Scraped caption text data:

■ ■ ■

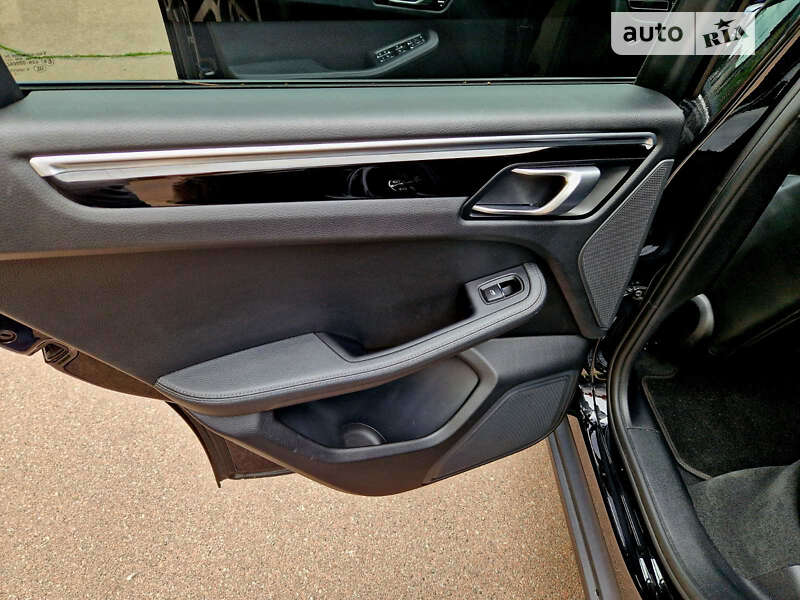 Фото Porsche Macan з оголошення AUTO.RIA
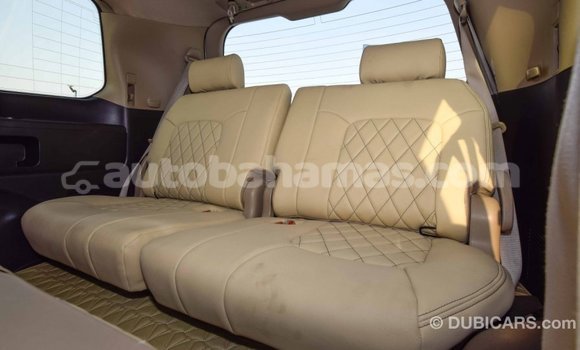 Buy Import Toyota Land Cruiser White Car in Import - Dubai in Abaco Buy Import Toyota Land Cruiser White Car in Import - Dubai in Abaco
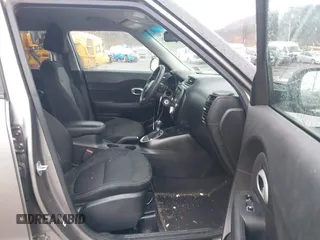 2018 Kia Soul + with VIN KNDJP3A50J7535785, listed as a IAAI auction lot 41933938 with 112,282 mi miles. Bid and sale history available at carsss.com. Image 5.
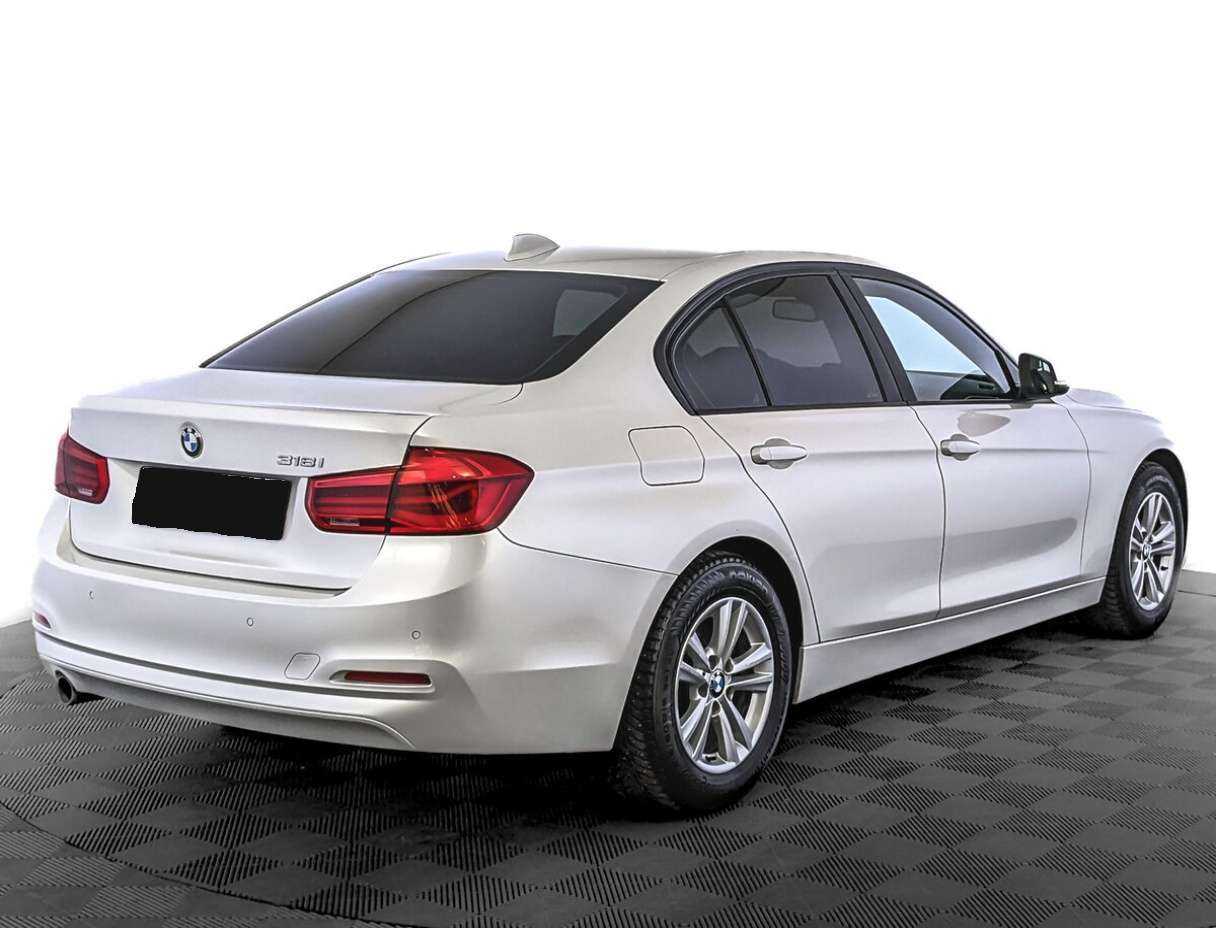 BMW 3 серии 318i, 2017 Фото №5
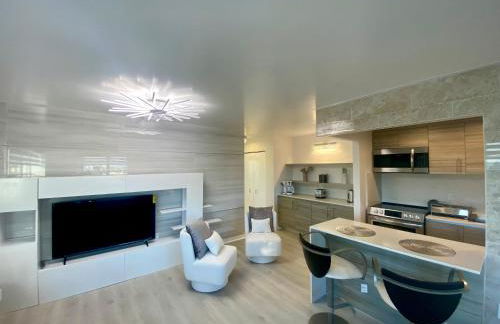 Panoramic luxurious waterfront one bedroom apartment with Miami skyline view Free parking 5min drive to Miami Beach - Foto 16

■ ■ ■

Task brief>
Your response must reproduce every line of the data exactly, with images omitted.

Problem solution>
 Фото Porsche Macan з оголошення AUTO.RIA
 Buy Import Toyota Land Cruiser White Car in Import - Dubai in Abaco Buy Import Toyota Land Cruiser White Car in Import - Dubai in Abaco
 2018 Kia Soul + with VIN KNDJP3A50J7535785, listed as a IAAI auction lot 41933938 with 112,282 mi miles. Bid and sale history available at carsss.com. Image 5.
 BMW 3 серии 318i, 2017 Фото №5
 Panoramic luxurious waterfront one bedroom apartment with Miami skyline view Free parking 5min drive to Miami Beach - Foto 16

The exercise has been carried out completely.